__What you have to do__
Your copy of the data should match it exactly, leaving out only the pictures.

___ Extracted information

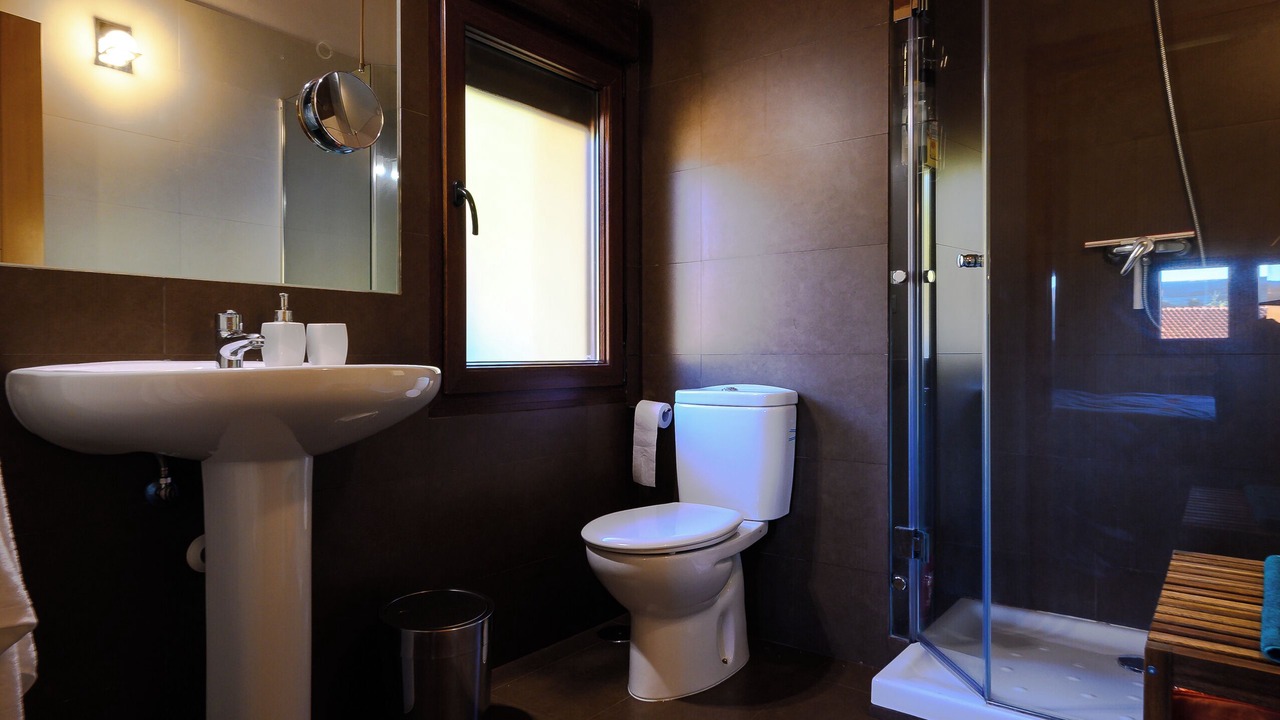 Photo of Bathroom in Hoyos del Espino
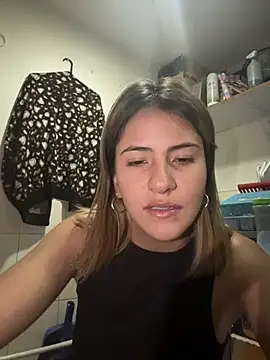 Andrea_19blonde live sex cam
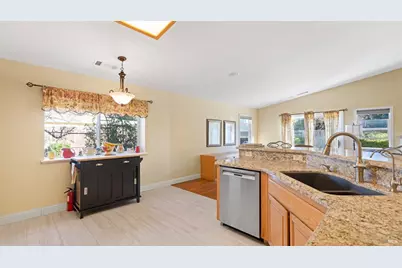 715 Wiegand Way, Dixon, CA 95620 - Photo 16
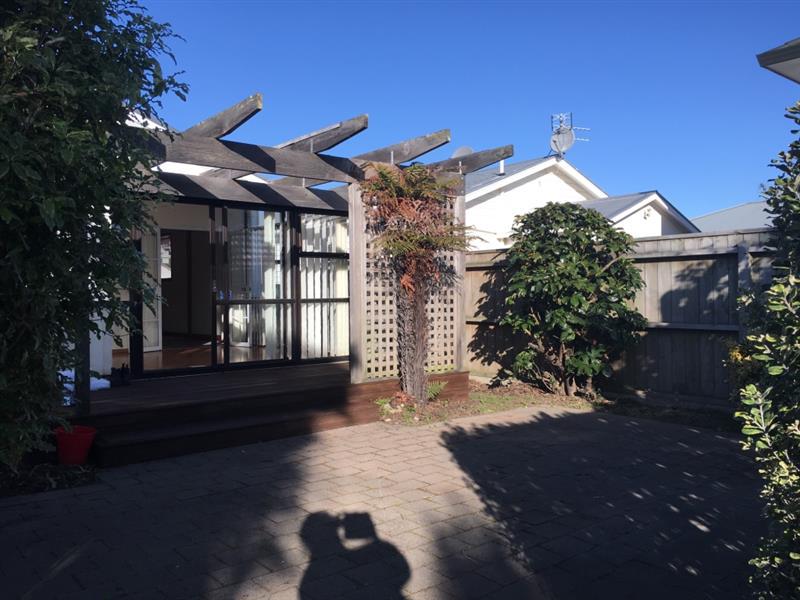 37 Argentine Avenue, Miramar, Wellington - Carousel 1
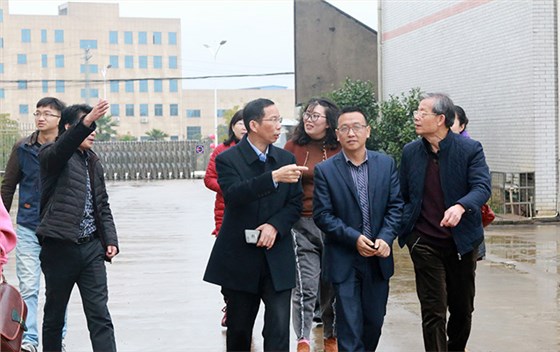 雅大果酒产业创新发展座谈会于12月4日在雅大隆重召开!-04 雅大果酒产业创新发展座谈会于12月4日在雅大隆重召开!-04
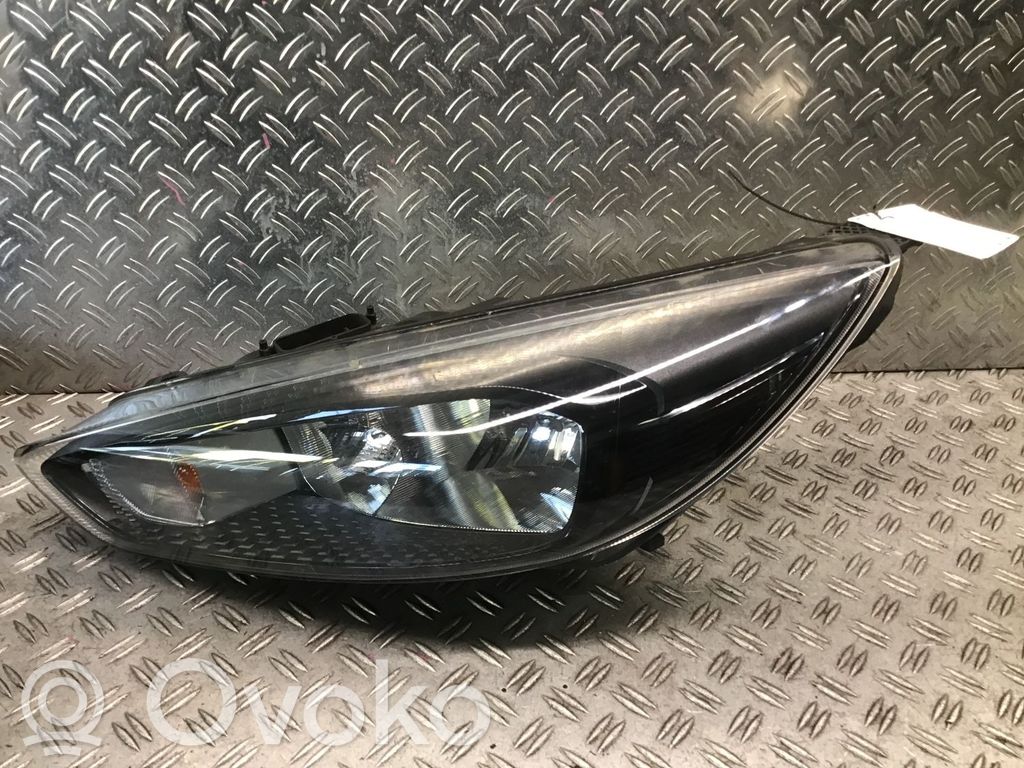 Ford Focus Faro/fanale 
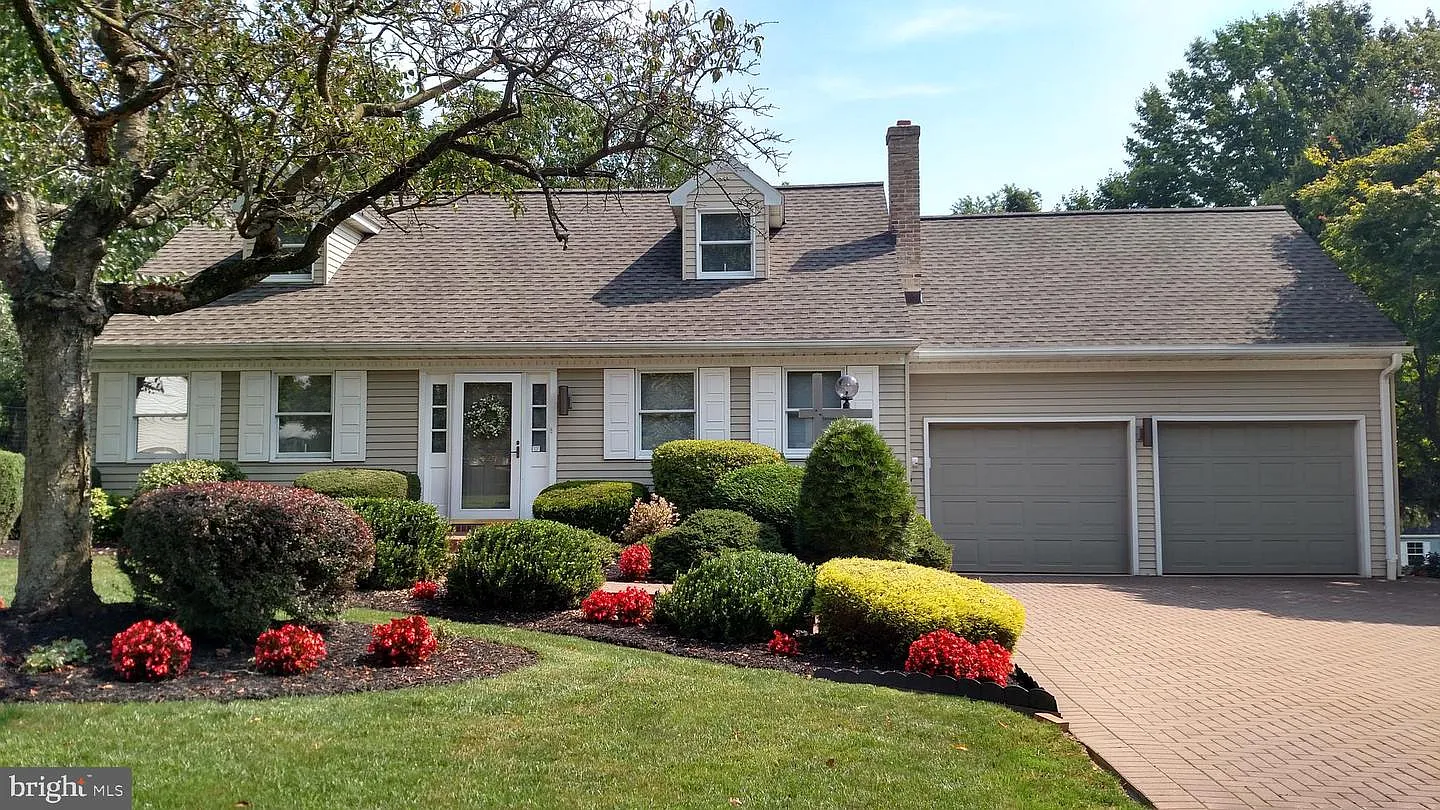 325 Curby Dr photo 1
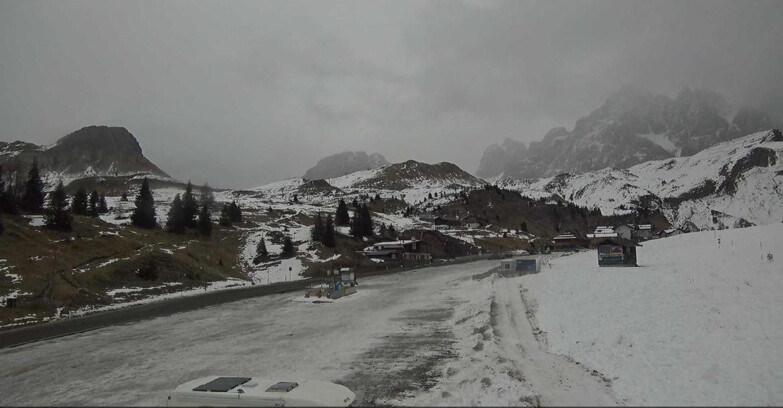 Webcam Сан-Мартино-ди-Кастроцца - Пассо-Ролле - Passo Rolle - Castellazzo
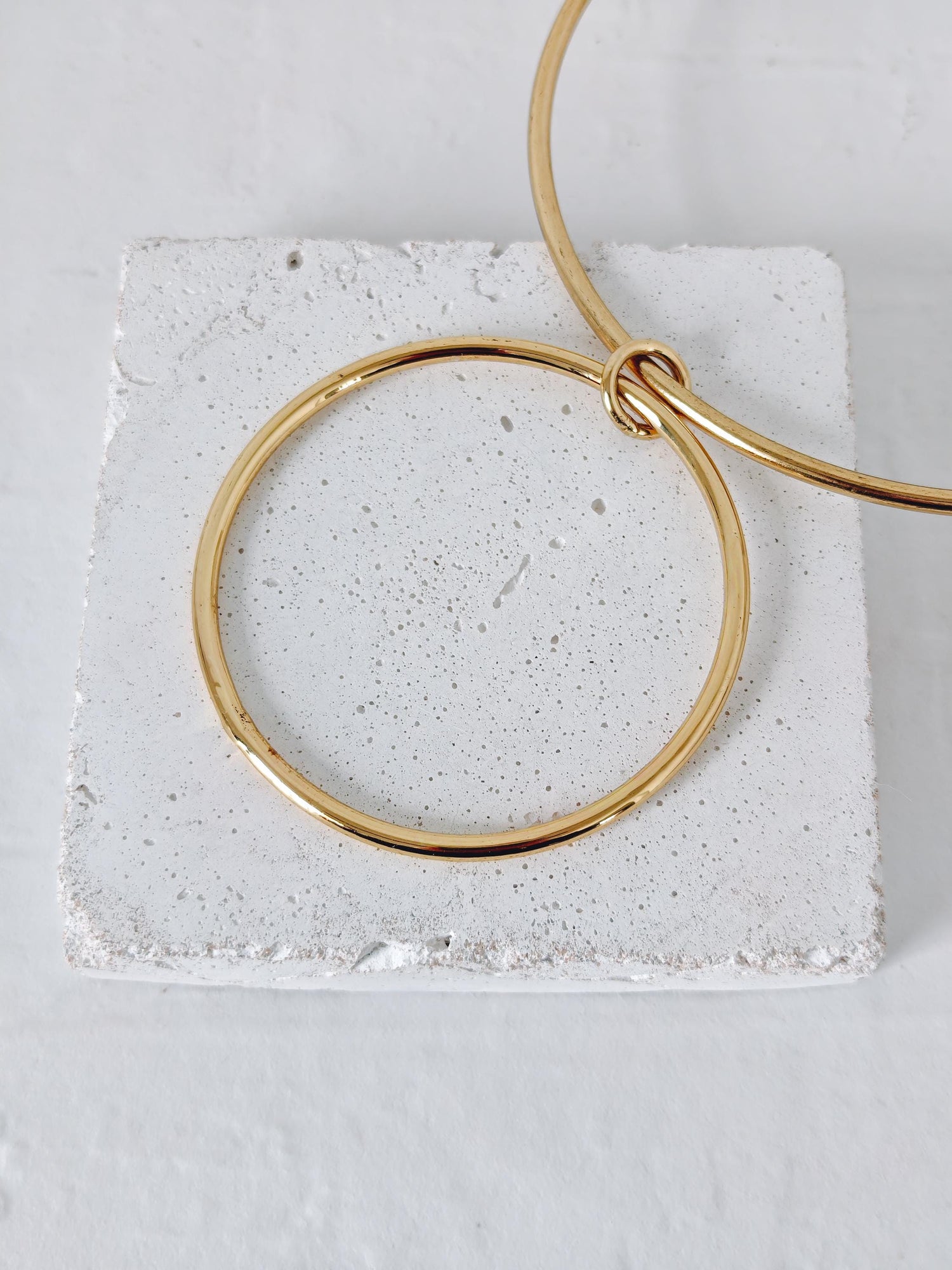 Minimalistischer Choker mit Ring Anhänger, Messing Halsreif mit großem Kreis Kettenanhänger, Y2K Kette Golden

______

__Response__
 Photo of Bathroom in Hoyos del Espino
 Andrea_19blonde live sex cam
 715 Wiegand Way, Dixon, CA 95620 - Photo 16
 37 Argentine Avenue, Miramar, Wellington - Carousel 1
 雅大果酒产业创新发展座谈会于12月4日在雅大隆重召开!-04 雅大果酒产业创新发展座谈会于12月4日在雅大隆重召开!-04
 Ford Focus Faro/fanale 
 325 Curby Dr photo 1
 Webcam Сан-Мартино-ди-Кастроцца - Пассо-Ролле - Passo Rolle - Castellazzo
 Minimalistischer Choker mit Ring Anhänger, Messing Halsreif mit großem Kreis Kettenanhänger, Y2K Kette Golden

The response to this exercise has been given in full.